A silent war is raging between mankind and the wildlife on our planet. The Illegal Wildlife Trade (IWT) is a low risk, high reward crime that has festered in the anonymous shadows, growing into a violent, lucrative and highly successful trade as ivory, skin and bones are exchanged on a global black market. But time is running out: the populations of cherished species such as rhino, elephant and tiger approaching a tipping point, beyond which they will take their place next to the dodo.
These lucky few spotlight species receive ample media attention, but the UN states there are at least 7,000 species being traded illegally worldwide. A WWF report rates the IWT as the “fourth largest global illegal trade” after narcotics, counterfeiting and human trafficking, with an annual value of at least $19 billion. Likened to a tsunami, it is devastating both endangered species and poor communities in its wake.
But the hard-bitten truth is that wildlife conservation just doesn’t sway political ballots, and government responses have been slow. Money talks, however, and any hope we may have in conserving endangered species before it’s too late now lies in global governments targeting the top level financial exchanges and backers propping up the entire trade.

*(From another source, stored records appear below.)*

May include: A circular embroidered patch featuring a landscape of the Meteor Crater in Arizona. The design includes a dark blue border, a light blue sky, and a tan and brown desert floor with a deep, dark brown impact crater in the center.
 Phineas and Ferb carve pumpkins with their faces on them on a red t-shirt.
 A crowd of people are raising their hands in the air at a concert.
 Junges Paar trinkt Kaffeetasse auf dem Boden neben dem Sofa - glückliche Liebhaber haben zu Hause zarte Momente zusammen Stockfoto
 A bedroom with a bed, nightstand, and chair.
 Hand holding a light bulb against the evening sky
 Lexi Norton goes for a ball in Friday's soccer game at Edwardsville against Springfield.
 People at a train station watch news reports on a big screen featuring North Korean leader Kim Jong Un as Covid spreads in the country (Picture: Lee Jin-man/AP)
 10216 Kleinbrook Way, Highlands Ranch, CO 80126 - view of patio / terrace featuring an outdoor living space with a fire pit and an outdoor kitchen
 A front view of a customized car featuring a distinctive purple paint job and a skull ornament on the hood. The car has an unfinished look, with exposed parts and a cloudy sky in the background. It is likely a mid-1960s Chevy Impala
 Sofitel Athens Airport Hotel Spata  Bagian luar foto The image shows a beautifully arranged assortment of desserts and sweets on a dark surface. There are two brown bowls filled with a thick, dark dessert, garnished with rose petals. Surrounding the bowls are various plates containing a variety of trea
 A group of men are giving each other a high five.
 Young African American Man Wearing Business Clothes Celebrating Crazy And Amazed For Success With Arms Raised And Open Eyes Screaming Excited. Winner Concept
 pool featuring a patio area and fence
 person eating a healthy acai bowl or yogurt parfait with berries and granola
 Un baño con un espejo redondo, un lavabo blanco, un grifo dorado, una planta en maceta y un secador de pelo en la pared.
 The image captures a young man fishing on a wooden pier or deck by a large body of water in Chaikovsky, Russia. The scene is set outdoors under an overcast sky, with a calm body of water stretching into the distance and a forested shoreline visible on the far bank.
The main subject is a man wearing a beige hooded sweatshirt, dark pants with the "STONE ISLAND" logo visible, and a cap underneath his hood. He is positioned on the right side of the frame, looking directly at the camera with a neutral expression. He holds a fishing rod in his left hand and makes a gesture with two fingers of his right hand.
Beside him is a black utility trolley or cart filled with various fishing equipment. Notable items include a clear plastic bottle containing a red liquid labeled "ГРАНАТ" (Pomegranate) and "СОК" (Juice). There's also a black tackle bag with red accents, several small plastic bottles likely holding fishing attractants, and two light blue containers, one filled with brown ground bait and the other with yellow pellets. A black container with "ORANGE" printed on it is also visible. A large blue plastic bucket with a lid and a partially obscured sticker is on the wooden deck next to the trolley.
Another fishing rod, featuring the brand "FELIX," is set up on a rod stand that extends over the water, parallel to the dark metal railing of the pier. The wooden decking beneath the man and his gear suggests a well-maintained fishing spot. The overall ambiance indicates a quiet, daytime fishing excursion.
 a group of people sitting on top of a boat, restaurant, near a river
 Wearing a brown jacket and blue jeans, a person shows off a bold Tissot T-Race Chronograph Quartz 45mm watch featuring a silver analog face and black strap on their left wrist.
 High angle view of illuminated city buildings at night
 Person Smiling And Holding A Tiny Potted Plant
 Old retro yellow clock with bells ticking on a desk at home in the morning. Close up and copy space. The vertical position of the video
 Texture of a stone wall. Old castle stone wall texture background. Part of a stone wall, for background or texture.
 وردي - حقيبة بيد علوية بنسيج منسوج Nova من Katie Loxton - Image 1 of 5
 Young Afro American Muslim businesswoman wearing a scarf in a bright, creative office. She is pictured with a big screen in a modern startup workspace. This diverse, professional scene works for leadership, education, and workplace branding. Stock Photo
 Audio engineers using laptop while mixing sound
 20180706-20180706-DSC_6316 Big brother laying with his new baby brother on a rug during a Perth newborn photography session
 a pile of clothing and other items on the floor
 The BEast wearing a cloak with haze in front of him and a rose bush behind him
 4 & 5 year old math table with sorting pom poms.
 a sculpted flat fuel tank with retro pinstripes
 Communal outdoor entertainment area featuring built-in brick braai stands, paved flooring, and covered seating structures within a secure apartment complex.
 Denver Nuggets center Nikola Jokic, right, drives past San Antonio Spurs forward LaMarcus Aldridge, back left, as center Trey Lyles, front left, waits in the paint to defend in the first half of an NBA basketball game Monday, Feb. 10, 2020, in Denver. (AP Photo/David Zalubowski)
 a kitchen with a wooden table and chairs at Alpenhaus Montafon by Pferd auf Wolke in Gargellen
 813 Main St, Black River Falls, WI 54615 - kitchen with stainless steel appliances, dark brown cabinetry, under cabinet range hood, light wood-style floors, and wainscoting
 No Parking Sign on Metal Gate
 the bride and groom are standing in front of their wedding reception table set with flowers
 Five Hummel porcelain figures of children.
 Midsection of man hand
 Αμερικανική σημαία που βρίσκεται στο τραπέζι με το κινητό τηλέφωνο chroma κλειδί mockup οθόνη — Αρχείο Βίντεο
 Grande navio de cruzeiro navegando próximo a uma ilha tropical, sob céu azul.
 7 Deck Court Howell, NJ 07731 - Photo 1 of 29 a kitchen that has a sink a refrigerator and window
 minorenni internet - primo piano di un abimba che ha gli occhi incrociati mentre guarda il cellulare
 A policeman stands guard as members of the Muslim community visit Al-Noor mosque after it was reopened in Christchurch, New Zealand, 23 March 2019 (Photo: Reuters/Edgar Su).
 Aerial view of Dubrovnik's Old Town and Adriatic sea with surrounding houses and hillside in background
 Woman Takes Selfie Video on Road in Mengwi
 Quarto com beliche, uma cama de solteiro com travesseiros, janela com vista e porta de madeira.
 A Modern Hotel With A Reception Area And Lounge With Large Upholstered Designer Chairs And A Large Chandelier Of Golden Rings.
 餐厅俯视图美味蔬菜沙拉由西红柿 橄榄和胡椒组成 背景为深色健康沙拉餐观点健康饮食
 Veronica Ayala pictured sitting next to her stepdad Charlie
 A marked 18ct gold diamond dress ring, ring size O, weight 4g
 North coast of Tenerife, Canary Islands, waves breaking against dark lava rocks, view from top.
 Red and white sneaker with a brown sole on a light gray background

At this year’s IWT Conference in London, it was clear illegal wildlife trade is now rightfully being headlined as a financial crime. Lord William Hague, chair of a new financial taskforce fighting IWT, pointed out that “wildlife traffickers brazenly exploit global financial systems to move the proceeds of their crimes.” To help put an end to this, The Mansion House Declaration was signed on October 10th 2018 by 30 financial organisations and global banks. This United for Wildlife Financial Taskforce will gather and share evidence to stem the large flow of illegal money and embrace the second theme of the conference, building coalitions.
“It will take a truly global approach, with multiple organisations and sectors working together, to eradicate this barbaric trade and so I am delighted that the financial sector is now committing its much needed support to do so,” said Lord Hague.
While frontline wardens and counter-poachers are using new technologies and DIY tricks to prevent illegal wildlife hunting on the ground, such as imitation ivory tusks embedded with GPS trackers, they can have limited success, as is evident from the still-declining populations of endangered species. But it’s not just a problem for limited and stretched wildlife departments to tackle. The Conference has grasped its limited political leverage, making one of the three themes “treating the IWT as a serious crime.”They are often the poor cousins when it comes to government funding, with animal defenders, such as rangers, earning on average just $9 a day. It’s time to take down the big fish because all too often it is just the small guys that get convicted.